[Exercise data — start]
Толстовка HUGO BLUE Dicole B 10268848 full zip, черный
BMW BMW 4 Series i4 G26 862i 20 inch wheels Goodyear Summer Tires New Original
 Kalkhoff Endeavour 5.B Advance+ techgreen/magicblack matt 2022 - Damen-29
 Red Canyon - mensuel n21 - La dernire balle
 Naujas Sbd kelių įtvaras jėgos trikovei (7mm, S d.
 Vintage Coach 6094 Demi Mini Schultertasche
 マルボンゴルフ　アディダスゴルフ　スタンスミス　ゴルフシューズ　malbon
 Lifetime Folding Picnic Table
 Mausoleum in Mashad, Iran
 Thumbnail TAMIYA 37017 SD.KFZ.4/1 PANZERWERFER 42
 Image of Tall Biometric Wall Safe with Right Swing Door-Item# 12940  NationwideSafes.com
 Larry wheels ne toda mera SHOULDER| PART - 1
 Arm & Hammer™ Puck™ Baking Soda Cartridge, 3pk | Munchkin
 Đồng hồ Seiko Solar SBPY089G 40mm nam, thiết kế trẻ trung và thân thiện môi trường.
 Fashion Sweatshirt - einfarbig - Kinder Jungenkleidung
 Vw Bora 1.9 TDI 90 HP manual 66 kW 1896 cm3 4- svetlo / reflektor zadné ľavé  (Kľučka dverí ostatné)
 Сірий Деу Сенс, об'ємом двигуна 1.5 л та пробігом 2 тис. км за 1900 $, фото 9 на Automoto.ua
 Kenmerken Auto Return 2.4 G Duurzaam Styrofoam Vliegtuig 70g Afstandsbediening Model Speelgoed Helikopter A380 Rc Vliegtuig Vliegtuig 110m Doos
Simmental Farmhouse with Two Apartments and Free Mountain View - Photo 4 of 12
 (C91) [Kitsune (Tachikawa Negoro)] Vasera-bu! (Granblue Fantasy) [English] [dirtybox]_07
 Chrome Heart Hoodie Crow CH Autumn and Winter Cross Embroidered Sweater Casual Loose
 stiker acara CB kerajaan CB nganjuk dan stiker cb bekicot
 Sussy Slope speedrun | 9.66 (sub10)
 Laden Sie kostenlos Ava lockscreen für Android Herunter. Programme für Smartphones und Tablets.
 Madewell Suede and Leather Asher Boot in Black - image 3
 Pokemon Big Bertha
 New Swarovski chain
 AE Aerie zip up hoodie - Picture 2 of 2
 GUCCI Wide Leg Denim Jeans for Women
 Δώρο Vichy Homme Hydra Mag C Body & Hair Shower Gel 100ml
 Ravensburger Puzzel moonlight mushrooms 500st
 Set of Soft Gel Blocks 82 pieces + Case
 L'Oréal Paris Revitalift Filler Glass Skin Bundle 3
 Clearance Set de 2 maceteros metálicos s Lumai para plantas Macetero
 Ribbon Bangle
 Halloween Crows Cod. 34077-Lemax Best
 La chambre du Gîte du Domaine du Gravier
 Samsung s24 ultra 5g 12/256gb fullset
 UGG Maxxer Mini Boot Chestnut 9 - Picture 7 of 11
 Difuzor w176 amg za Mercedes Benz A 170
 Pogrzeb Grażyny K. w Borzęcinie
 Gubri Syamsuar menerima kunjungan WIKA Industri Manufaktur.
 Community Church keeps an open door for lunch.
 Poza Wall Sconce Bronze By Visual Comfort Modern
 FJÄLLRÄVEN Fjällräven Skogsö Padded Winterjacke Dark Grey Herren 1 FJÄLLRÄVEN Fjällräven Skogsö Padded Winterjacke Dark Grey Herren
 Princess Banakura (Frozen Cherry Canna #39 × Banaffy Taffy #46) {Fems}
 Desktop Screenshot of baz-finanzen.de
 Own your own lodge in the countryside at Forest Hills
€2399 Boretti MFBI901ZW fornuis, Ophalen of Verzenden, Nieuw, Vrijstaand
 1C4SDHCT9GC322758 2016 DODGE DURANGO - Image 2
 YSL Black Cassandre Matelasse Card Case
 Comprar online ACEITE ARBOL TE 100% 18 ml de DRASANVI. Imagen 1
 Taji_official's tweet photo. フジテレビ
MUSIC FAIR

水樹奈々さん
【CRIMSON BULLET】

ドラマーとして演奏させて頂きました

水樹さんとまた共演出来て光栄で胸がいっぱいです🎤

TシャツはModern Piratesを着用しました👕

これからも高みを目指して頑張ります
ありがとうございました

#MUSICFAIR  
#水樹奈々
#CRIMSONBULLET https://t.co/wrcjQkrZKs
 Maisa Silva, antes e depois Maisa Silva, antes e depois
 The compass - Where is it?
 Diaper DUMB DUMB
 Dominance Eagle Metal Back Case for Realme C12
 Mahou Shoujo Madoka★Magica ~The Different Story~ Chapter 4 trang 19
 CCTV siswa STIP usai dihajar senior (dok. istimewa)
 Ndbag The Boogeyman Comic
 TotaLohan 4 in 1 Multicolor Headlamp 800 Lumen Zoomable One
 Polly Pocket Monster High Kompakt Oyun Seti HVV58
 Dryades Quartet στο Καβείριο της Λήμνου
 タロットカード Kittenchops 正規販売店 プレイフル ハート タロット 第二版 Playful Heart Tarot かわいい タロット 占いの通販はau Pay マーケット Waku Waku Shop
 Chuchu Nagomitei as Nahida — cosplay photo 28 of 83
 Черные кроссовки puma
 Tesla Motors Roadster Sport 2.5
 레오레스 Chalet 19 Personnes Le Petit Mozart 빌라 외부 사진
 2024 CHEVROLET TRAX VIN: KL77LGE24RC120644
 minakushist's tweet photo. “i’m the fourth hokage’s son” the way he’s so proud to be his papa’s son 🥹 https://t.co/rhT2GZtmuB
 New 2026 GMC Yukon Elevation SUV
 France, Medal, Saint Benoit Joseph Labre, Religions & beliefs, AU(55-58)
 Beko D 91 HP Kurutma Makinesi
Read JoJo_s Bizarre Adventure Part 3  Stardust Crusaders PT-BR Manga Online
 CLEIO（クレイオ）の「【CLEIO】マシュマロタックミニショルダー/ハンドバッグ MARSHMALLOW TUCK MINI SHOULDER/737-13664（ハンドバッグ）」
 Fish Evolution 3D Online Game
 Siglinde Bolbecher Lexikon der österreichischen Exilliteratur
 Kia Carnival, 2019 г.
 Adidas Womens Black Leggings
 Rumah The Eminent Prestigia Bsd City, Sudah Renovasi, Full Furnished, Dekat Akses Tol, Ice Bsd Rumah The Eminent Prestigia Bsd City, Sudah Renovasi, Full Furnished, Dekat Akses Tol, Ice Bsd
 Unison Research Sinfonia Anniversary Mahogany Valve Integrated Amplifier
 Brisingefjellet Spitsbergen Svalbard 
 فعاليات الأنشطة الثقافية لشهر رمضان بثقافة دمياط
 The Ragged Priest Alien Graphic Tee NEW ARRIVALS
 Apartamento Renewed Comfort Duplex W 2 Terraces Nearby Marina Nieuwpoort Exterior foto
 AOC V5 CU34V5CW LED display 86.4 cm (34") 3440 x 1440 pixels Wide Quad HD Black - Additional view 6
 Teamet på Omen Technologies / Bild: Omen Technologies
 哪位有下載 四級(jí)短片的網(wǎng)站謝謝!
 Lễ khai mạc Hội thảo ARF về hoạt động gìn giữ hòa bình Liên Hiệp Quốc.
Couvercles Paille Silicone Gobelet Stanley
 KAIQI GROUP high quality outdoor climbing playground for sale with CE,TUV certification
[Exercise data — finish]
#### Task goal:
Scan the material above for the word "Picture", and copy each line where it appears.

#### Exercise response:
 AE Aerie zip up hoodie - Picture 2 of 2
 UGG Maxxer Mini Boot Chestnut 9 - Picture 7 of 11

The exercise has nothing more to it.